> [ASSIGNED TASK]:
Reproduce precisely the lines of the listing below, starting with the line that contains "Regulate Your Nervous System with EFT" and stopping after the line that contains "Lonergan and the"; include nothing else.
+---+
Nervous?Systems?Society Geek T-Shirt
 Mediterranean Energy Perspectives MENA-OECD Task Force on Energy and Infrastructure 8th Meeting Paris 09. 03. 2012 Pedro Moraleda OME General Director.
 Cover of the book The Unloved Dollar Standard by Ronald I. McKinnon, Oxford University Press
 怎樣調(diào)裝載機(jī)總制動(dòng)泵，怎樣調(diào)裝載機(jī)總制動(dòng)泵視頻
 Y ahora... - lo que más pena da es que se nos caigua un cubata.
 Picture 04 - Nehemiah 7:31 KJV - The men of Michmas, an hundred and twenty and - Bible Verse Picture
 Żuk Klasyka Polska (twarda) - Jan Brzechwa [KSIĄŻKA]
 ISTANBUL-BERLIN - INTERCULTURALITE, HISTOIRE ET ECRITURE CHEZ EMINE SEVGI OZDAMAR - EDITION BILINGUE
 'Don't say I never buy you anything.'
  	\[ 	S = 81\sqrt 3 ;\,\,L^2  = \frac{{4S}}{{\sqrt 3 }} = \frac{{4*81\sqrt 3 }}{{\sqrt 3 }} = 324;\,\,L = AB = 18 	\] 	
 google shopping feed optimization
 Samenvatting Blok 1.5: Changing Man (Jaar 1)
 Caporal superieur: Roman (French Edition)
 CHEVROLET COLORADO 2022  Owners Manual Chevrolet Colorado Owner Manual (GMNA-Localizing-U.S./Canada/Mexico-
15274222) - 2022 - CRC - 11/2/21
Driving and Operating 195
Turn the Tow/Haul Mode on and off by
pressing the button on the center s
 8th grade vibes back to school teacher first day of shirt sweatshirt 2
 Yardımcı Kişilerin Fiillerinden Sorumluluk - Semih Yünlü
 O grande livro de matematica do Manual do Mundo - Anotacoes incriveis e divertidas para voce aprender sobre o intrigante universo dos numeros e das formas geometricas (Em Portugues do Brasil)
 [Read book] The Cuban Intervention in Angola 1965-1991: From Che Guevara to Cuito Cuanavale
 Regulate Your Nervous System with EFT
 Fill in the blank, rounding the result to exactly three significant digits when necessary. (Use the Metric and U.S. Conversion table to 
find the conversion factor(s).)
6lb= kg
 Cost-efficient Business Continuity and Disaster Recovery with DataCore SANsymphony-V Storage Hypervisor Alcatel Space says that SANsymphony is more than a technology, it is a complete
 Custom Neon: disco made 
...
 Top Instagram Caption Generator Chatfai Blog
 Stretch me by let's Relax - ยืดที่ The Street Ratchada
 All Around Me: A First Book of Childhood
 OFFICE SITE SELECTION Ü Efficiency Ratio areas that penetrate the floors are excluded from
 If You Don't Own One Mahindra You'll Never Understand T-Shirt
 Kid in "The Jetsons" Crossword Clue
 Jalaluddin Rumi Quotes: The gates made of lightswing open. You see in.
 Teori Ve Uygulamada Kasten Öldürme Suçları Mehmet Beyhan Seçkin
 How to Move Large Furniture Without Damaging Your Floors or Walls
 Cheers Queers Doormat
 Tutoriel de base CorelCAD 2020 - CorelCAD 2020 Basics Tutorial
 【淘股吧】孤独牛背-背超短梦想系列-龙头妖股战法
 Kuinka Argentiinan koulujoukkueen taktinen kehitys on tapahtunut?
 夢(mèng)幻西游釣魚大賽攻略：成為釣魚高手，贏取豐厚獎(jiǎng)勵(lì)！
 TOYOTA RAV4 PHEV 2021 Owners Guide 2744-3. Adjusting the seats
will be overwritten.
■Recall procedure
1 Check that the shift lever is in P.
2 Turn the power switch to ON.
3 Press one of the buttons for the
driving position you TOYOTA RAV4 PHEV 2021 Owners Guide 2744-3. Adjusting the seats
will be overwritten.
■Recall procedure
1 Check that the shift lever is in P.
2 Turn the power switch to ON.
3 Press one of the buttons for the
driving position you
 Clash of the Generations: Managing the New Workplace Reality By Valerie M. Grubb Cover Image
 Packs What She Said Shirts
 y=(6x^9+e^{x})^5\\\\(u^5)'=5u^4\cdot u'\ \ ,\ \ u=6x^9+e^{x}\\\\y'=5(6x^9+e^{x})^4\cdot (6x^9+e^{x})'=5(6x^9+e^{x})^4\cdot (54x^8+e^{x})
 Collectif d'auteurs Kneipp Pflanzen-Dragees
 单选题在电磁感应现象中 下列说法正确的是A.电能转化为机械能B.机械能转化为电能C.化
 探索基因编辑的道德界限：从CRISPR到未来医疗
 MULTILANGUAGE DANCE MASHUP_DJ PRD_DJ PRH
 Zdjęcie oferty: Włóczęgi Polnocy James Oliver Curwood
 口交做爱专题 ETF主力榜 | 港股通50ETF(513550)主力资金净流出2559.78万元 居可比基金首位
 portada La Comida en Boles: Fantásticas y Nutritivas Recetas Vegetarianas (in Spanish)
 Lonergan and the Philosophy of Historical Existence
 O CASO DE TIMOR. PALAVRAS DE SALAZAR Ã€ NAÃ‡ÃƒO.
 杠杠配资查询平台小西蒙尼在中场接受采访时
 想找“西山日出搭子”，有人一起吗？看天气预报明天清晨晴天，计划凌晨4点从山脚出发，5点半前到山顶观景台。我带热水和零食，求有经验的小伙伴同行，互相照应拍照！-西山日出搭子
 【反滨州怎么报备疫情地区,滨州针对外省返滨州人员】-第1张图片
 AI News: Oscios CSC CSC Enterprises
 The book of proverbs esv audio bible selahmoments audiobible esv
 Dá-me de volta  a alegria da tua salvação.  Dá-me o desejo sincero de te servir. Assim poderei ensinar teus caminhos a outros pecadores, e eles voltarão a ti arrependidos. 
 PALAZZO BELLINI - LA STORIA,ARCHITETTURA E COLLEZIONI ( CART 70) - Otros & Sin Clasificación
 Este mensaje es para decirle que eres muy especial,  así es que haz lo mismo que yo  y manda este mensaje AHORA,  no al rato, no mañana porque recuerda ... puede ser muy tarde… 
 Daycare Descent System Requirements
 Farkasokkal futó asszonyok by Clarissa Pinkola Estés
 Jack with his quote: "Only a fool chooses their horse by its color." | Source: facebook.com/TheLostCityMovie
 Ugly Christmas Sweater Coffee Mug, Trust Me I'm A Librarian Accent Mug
+---+
> [REPLY TO THE EXERCISE]:
 Regulate Your Nervous System with EFT
 Fill in the blank, rounding the result to exactly three significant digits when necessary. (Use the Metric and U.S. Conversion table to 
find the conversion factor(s).)
6lb= kg
 Cost-efficient Business Continuity and Disaster Recovery with DataCore SANsymphony-V Storage Hypervisor Alcatel Space says that SANsymphony is more than a technology, it is a complete
 Custom Neon: disco made 
...
 Top Instagram Caption Generator Chatfai Blog
 Stretch me by let's Relax - ยืดที่ The Street Ratchada
 All Around Me: A First Book of Childhood
 OFFICE SITE SELECTION Ü Efficiency Ratio areas that penetrate the floors are excluded from
 If You Don't Own One Mahindra You'll Never Understand T-Shirt
 Kid in "The Jetsons" Crossword Clue
 Jalaluddin Rumi Quotes: The gates made of lightswing open. You see in.
 Teori Ve Uygulamada Kasten Öldürme Suçları Mehmet Beyhan Seçkin
 How to Move Large Furniture Without Damaging Your Floors or Walls
 Cheers Queers Doormat
 Tutoriel de base CorelCAD 2020 - CorelCAD 2020 Basics Tutorial
 【淘股吧】孤独牛背-背超短梦想系列-龙头妖股战法
 Kuinka Argentiinan koulujoukkueen taktinen kehitys on tapahtunut?
 夢(mèng)幻西游釣魚大賽攻略：成為釣魚高手，贏取豐厚獎(jiǎng)勵(lì)！
 TOYOTA RAV4 PHEV 2021 Owners Guide 2744-3. Adjusting the seats
will be overwritten.
■Recall procedure
1 Check that the shift lever is in P.
2 Turn the power switch to ON.
3 Press one of the buttons for the
driving position you TOYOTA RAV4 PHEV 2021 Owners Guide 2744-3. Adjusting the seats
will be overwritten.
■Recall procedure
1 Check that the shift lever is in P.
2 Turn the power switch to ON.
3 Press one of the buttons for the
driving position you
 Clash of the Generations: Managing the New Workplace Reality By Valerie M. Grubb Cover Image
 Packs What She Said Shirts
 y=(6x^9+e^{x})^5\\\\(u^5)'=5u^4\cdot u'\ \ ,\ \ u=6x^9+e^{x}\\\\y'=5(6x^9+e^{x})^4\cdot (6x^9+e^{x})'=5(6x^9+e^{x})^4\cdot (54x^8+e^{x})
 Collectif d'auteurs Kneipp Pflanzen-Dragees
 单选题在电磁感应现象中 下列说法正确的是A.电能转化为机械能B.机械能转化为电能C.化
 探索基因编辑的道德界限：从CRISPR到未来医疗
 MULTILANGUAGE DANCE MASHUP_DJ PRD_DJ PRH
 Zdjęcie oferty: Włóczęgi Polnocy James Oliver Curwood
 口交做爱专题 ETF主力榜 | 港股通50ETF(513550)主力资金净流出2559.78万元 居可比基金首位
 portada La Comida en Boles: Fantásticas y Nutritivas Recetas Vegetarianas (in Spanish)
 Lonergan and the Philosophy of Historical Existence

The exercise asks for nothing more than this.